SANTO CANE: NON È UNA BESTEMMIA, MA QUASI. DI NANE CANTATORE

Santo cane: non è una bestemmia, ma quasi.
Di NANE CANTATORE

   

    

Xilografia con il momento decisivo della storia di san Guinefort. Notare oltre al serpente e al cane decapitati (in simmetria di sconfitta del male e martirio), un terzo animale: forse un merlo o altro uccello parlante, che indica dov’è finito il pargolo e simboleggia la voce del buon senso che il cavaliere, travolto dall’ira, non ha ascoltato.

Nella regione francese di Dombes, vicino a Lione, la devozione popolare ha venerato per secoli la figura di San Guinefort. Ciò che rendeva questo culto decisamente peculiare è il fatto che Guinefort era un levriero. Secondo la leggenda, si trattava nientemeno che del cane di san Rocco, che aveva accudito il padrone portandogli il cibo quando era malato di peste.
Alla morte del santo, l’animale venne adottato da un cavaliere, che viveva nelle vicinanze del villaggio di Neuville. Un giorno, il nobiluomo e la moglie, rientrati a casa, trovarono la stanza del figlioletto a soqquadro, la culla rovesciata e in pezzi, nessuna traccia del pargolo e il cane con il muso insanguinato. Il padrone uccise immediatamente l’animale decapitandolo con un colpo di spada; subito dopo, la moglie ritrovò il piccolo, rimasto sotto la culla con una vipera morta accanto: Guinefort aveva salvato il bambino e ucciso il serpente. Il cavaliere, pentito, fece seppellire onorevolmente il cane circondando la tomba di alberi, con pannelli che ne descrivevano le imprese. Da allora, il volgo locale iniziò a omaggiare il cane santo, pregandolo per la salvezza di bimbi malati o in pericolo. Nonostante l’ostilità delle autorità ecclesiastiche, esistono tracce di pratiche devozionali di questo tipo fino agli anni Trenta del secolo scorso.

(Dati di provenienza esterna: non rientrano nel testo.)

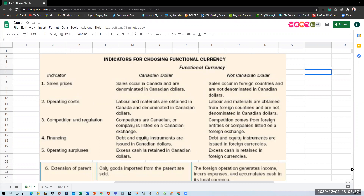In that video, I start with a brief discussion of how we decide what the functional currency is. Those factors are indicated in IAS 21, paragraphs 9, 10, and so on. The primary factors you want to look at are what currency determines sales prices and operating costs. If a company's sales occur primarily in Canada and are denominated in Canadian dollars, then you would say the functional currency is the Canadian dollar.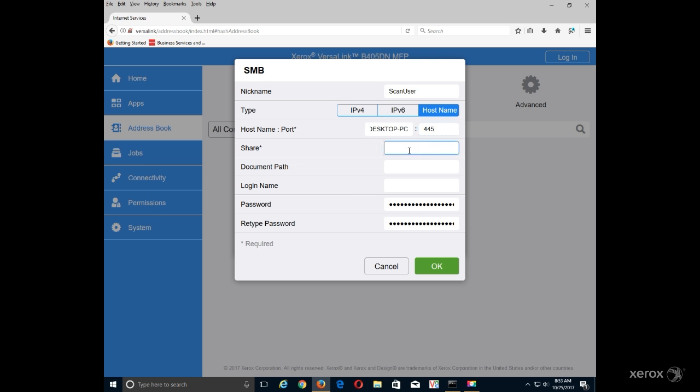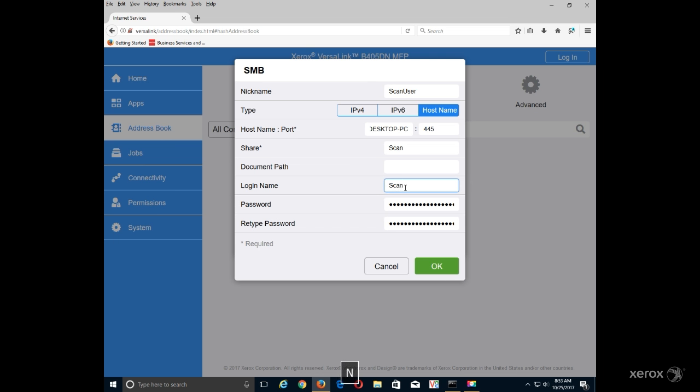Enter the name of the folder that you created in the Share field. If necessary, enter any document path. Enter the computer user name in the Login Name field.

Da tempi immemorabili, noialtri umani usiamo gli altri animali in diversi modi: la paleoantropologa Pat Shipman, nei suoi studi sulla animal connection, ne riconosce almeno dieci[1], oltre a quello alimentare. Questi usi “pratici” hanno almeno una base di reciprocità, dal momento che le varie specie domesticate dall’uomo ne hanno tratto vantaggi in termini di sicurezza dai predatori, stabilità alimentare e così via.
Ma li usiamo anche in senso emotivo, sociale, culturale, simbolico: fin dalle più remote pitture rupestri, gli animali popolano il nostro immaginario, forniscono un repertorio di riferimenti morali e concettuali, contribuiscono a definire le nostre strutture sociali. Anche qui, possiamo tranquillamente parlare di reciprocità. Gli animali che vivono con noi, nell’ecosistema artificiale ma funzionale della domesticazione, si organizzano rispetto agli umani con cui sono a contatto non meno che con i loro simili. In questo senso, credo che si possa parlare di una antropizzazione della cultura animale, usando il termine cultura nel senso in cui lo intende lo zoologo Tim Clutton-Brock: “un modo di vita imposto alle generazioni successive di una società di umani o animali dai suoi anziani. Quando la società comprende sia uomini sia animali, gli umani fungono da anziani”[2].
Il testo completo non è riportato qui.